▼
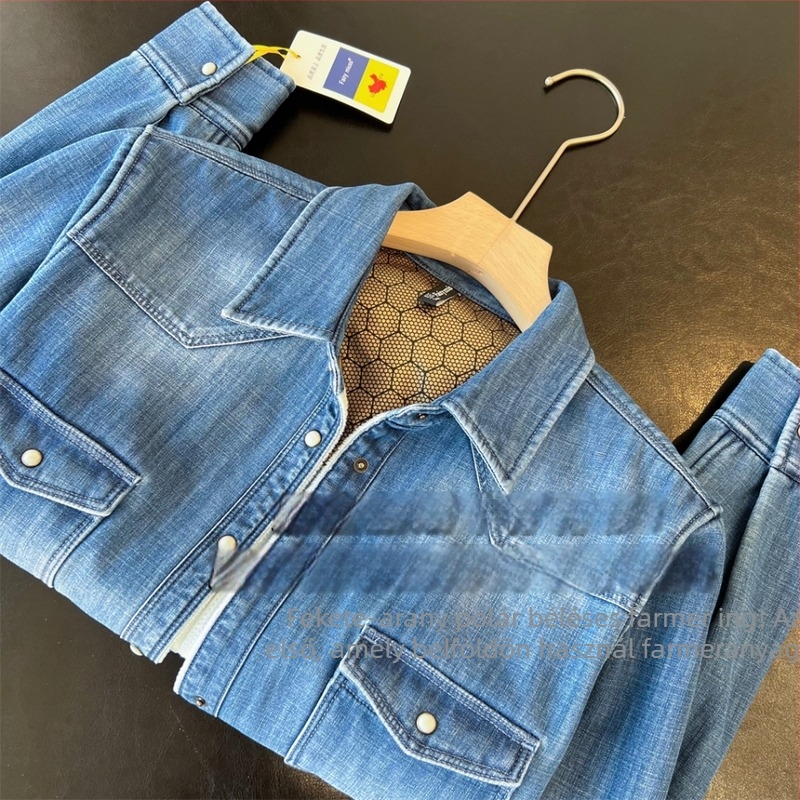 Női denim ing béléses melegen tartó, európai stílusú, karcsú szabás, őszi-téli viselet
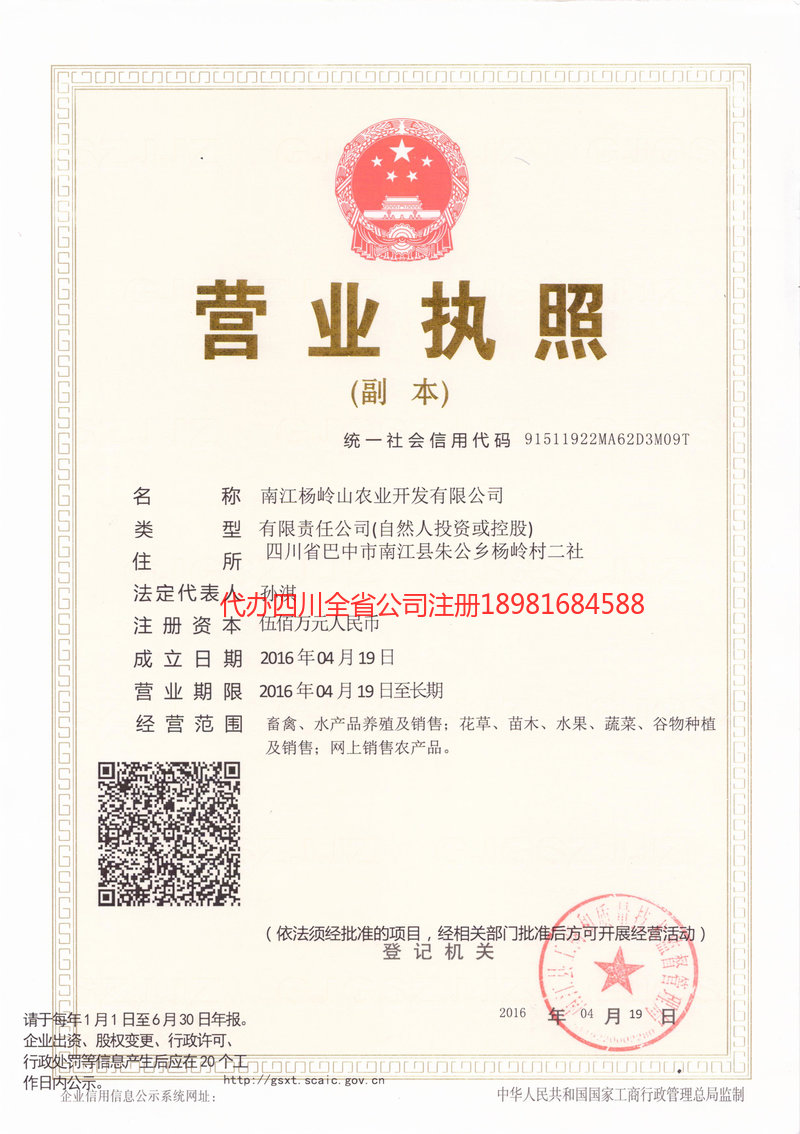 襄阳襄阳杨岭山农业开发有限公司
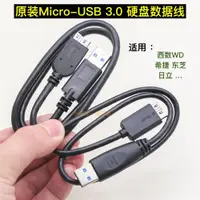 在飛比找ETMall東森購物網優惠-原裝USB3.0轉Micro-B移動硬盤數據線適用西數WD希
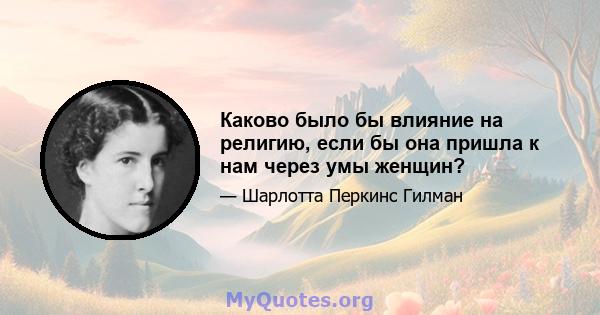 Каково было бы влияние на религию, если бы она пришла к нам через умы женщин?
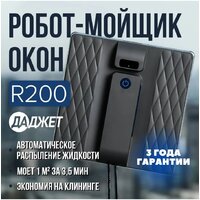 Робот для мытья окон Даджет R200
▲
With the pictures left out, copy exactly the lines from the one containing "襄阳襄阳杨岭山农业开发有限公司" through the last line of the data.

 襄阳襄阳杨岭山农业开发有限公司
 在飛比找ETMall東森購物網優惠-原裝USB3.0轉Micro-B移動硬盤數據線適用西數WD希
 Каково было бы влияние на религию, если бы она пришла к нам через умы женщин?
 Робот для мытья окон Даджет R200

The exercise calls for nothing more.